YouTube scouting apparently can work in the NFL. A key to that, however, is having an incredibly large serving of work ethic and grind to go along with it. When the two worked together in Chicago in the late 90’s, Paton’s commitment to the grind jumped out to Spielman.

“That’s what makes George incredibly unique is his work ethic, what you want to call a grinder. I know how much film that we watched together,” Spielman stated. “We get in here early and I taught him, and that’s what I was taught—you don’t leave until the coaches leave. And then in the offseason it even gets busier.”

The 2020 offseason was unlike any other. Two months after Paton withdrew his name from the running for the Cleveland Browns general manager job, COVID-19 shutdown nearly the entire United States.

While the country and NFL went almost completely remote throughout the offseason, Paton and Spielman took the opposite approach to their draft preparation.

“Out of all the years we’ve been together, probably the thing that will stick out to me the most was last year when me and him when the pandemic hit and me and George moved into a hotel together for 30 days,” Spielman said. “Got up and that’s all we did.”

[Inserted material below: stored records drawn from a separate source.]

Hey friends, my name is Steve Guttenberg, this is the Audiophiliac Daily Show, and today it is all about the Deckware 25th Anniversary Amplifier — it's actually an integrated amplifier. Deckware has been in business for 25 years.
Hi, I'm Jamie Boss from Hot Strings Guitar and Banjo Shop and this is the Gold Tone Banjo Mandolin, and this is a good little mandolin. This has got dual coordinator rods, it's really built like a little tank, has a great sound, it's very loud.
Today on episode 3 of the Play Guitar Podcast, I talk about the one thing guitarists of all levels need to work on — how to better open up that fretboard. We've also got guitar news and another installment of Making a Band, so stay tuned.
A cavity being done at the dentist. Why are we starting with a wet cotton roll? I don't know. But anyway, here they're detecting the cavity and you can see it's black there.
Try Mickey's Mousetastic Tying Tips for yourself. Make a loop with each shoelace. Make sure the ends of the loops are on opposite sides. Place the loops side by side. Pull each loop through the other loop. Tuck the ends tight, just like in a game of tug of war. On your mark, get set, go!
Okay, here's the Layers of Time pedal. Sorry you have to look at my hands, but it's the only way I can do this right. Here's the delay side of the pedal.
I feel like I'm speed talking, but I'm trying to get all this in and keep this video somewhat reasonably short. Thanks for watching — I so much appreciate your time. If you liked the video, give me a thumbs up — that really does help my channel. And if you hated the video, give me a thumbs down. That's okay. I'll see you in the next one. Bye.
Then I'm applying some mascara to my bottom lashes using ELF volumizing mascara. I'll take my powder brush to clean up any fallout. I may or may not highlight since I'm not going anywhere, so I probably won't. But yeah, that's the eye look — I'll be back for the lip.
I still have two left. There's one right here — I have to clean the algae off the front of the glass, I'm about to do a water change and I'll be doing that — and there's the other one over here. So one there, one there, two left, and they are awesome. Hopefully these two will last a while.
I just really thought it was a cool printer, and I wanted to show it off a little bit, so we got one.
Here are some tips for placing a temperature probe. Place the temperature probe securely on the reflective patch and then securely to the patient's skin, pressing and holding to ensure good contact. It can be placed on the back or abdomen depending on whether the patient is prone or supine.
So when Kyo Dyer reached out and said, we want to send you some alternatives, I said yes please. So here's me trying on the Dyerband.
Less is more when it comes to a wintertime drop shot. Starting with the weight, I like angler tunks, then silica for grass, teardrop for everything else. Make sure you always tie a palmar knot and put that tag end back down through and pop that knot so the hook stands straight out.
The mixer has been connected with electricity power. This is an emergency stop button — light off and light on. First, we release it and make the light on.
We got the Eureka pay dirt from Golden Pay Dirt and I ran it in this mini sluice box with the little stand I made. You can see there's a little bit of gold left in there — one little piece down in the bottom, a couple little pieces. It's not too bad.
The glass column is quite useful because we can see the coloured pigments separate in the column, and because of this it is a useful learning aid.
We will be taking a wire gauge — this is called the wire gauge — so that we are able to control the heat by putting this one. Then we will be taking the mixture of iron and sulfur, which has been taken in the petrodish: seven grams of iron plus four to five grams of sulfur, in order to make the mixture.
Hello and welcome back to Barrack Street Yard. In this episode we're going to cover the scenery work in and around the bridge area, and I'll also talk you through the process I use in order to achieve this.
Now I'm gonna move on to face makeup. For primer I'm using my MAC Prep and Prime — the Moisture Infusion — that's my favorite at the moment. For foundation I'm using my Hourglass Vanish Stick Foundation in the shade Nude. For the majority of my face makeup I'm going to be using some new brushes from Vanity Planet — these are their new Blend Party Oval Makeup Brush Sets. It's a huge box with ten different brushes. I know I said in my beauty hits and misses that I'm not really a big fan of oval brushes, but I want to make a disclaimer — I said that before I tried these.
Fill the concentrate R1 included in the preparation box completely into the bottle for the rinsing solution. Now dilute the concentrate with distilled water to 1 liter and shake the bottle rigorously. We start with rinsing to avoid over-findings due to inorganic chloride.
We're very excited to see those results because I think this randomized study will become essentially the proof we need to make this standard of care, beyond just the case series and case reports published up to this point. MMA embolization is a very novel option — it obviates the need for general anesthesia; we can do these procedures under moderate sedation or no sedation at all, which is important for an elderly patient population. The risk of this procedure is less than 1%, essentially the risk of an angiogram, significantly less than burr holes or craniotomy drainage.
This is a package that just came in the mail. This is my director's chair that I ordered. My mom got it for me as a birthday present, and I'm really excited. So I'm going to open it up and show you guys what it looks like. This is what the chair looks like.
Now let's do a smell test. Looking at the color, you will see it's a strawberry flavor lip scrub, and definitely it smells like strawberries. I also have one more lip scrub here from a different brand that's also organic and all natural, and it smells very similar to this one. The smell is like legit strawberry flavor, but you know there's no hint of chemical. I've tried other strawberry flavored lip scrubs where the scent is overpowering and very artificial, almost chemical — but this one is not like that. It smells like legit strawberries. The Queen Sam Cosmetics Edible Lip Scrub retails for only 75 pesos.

For the most important month leading up to the draft, Paton moved into a hotel with his boss to do one thing exclusively: Work.

“We conducted our draft meetings. After the draft meetings, we would sit there and go through everything that we discussed [that day],” Spielman said, detailing their month-long grind together. “After that, I said let’s go ahead and do the board and we would sit there and play with the board and decide what we would want to present to the scouts tomorrow and with the coaches tomorrow off of everything that we know. For me, that was invaluable to have a person that I trusted so much that had the work ethic that he had.”

If grinding in all of their waking hours wasn’t enough for those 30 days, Paton took it one step further.

“I remember, I went to bed one night and I came back down—I forgot something—and there was something we discussed that he wasn’t sure of and he was back down there watching tape again,” Spielman said in awe of his former assistant general manager and vice president of player personnel.

To succeed in the NFL, a tireless work ethic is almost mandatory. Yet, even with the bar set that high, Paton’s astonishing work ethic sets him apart from the rest and makes him “incredibly unique.”

“There’s no question that he is more than ready to run his own shop and to lead an organization with a historic club that has a great tradition out in Denver,” Spielman said, fully confident that his friend will succeed as the Broncos’ new general manager. “Denver, to me, got an incredible, not only talent evaluator, but an incredible person.”